Integer Types in file formats

I am currently trying to learn some more in depth stuff of file formats.
I have a spec for a 3D file format (U3D in this case) and I want to try to implement that. Nothing serious, just for the learning effect.
My problem starts very early with the types, that need to be defined. I have to define different integers (8Bit, 16bit, 32bit unsigned and signed) and these then need to be converted to hex before writing that to a file.
How do I define these types, since I can not just create an I16 i.e.?
Another problem for me is how to convert that I16 to a hex number with 8 digits
(i.e. 0001 0001).

Hex is just a representation of a number. Whether you interpret the number as binary, decimal, hex, octal etc is up to you. In C++ you have support for decimal, hex, and octal representations, but they are all stored in the same way.
Example:
int x = 0x1;
int y = 1;
assert(x == y);
Likely the file format wants you to store the files in normal binary format. I don't think the file format wants the hex numbers as a readable text string. If it does though then you could use std::hex to do the conversion for you. (Example: file << hex << number;)
If the file format talks about writing more than a 1 byte type to file then be careful of the Endianness of your architecture. Which means do you store the most significant byte of the multi byte type first or last.
It is very common in file format specifications to show you how the binary should look for a given part of the file. Don't confuse this though with actually storing binary digits as strings. Likewise they will sometimes give a shortcut for this by specifying in hex how it should look. Again most of the time they don't actually mean text strings.
The smallest addressable unit in C++ is a char which is 1 byte. If you want to set bits within that byte you need to use bitwise operators like & and |. There are many tutorials on bitwise operators so I won't go into detail here.

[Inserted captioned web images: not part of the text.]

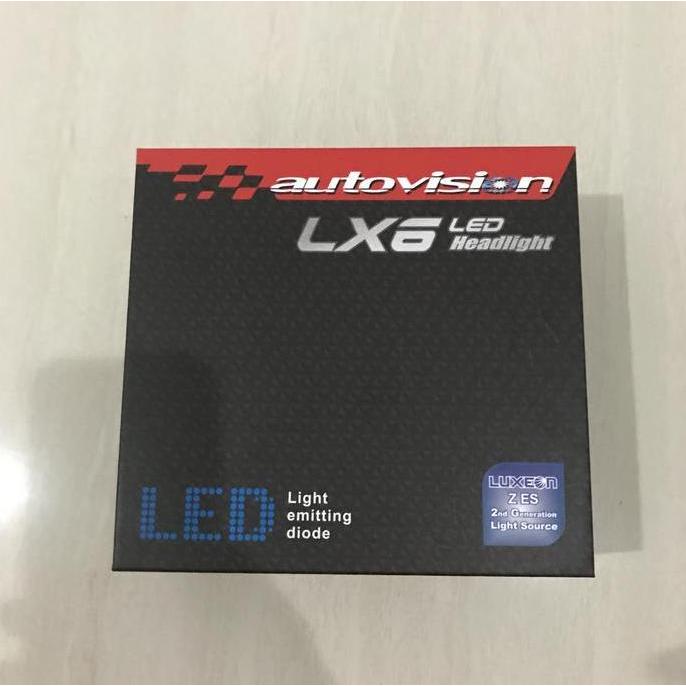 LED H7 Autovision LX6 6000K Garansi 1 Tahun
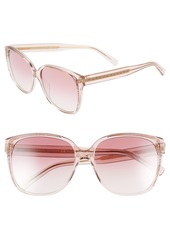 Rebecca Minkoff Jane1 57mm Sunglasses in Pink at Nordstrom
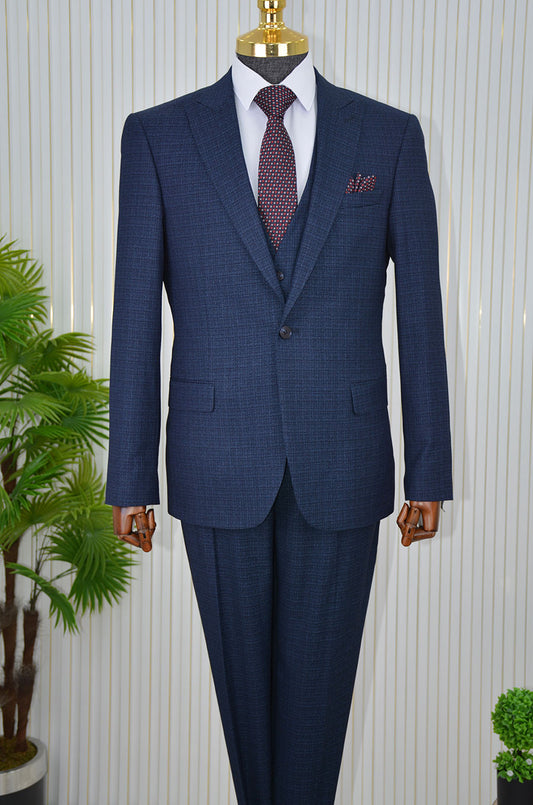 İtalyan stil slimfit ceket yelek pantolon takım elbise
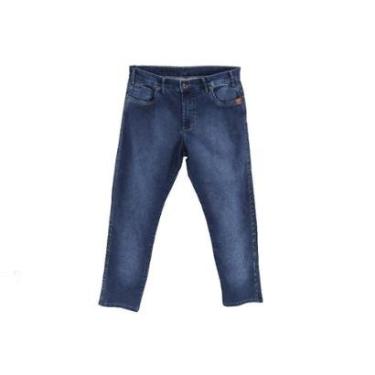 Imagem de Calça Bivik Jeans Extra Grande Elastano Azul - Masculino-Masculino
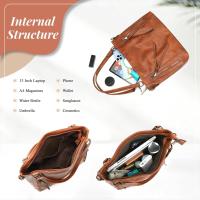 Bolso de Hombro para Mujer, Bandolera de Cuero PU, informal, Gran Capacidad - details 10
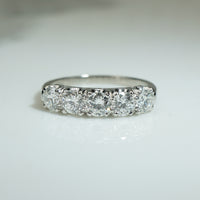 Luxe Platinum and Diamond 1950s Band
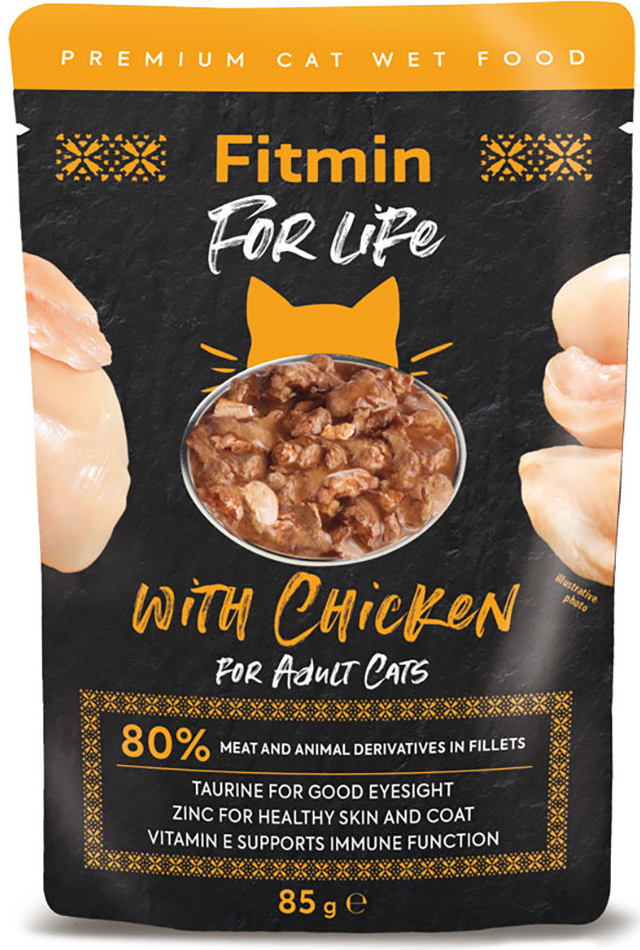 FITMIN For Life kuracia pre mačky 28 x 85 g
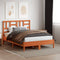 vidaXL - Hoofdbord - 150 - cm - massief - grenenhout - wasbruin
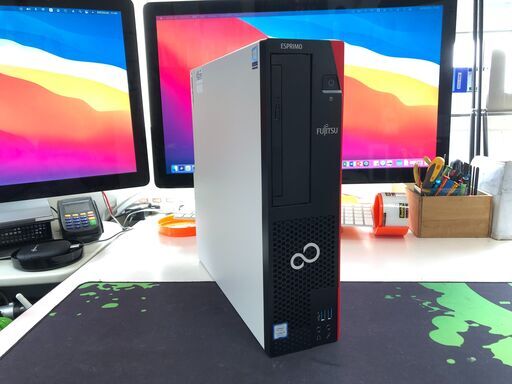 富士通：第９世代 ESPRIMO D588/CX /Windows 10 Pro /Core i5-9400 / SSD 256GB + HDD 500GB メモリー 20GB DVD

If you include <stdint.h> you will get types such as:
uint8_t
int16_t
uint32_t

First, let me understand.
The integers are stored AS TEXT in a file, in hexadecimal format, without prefix 0x?
Then, use this syntax:
fprintf(fp, "%08x", number);
Will write 0abc1234 into a file.

As for "define different integers (8Bit, 16bit, 32bit unsigned and signed)", unless you roll your own, and concomitant math operations for them, you should stick to the types supplied by your system. See stdint.h for the typedefs available, such as int32_t.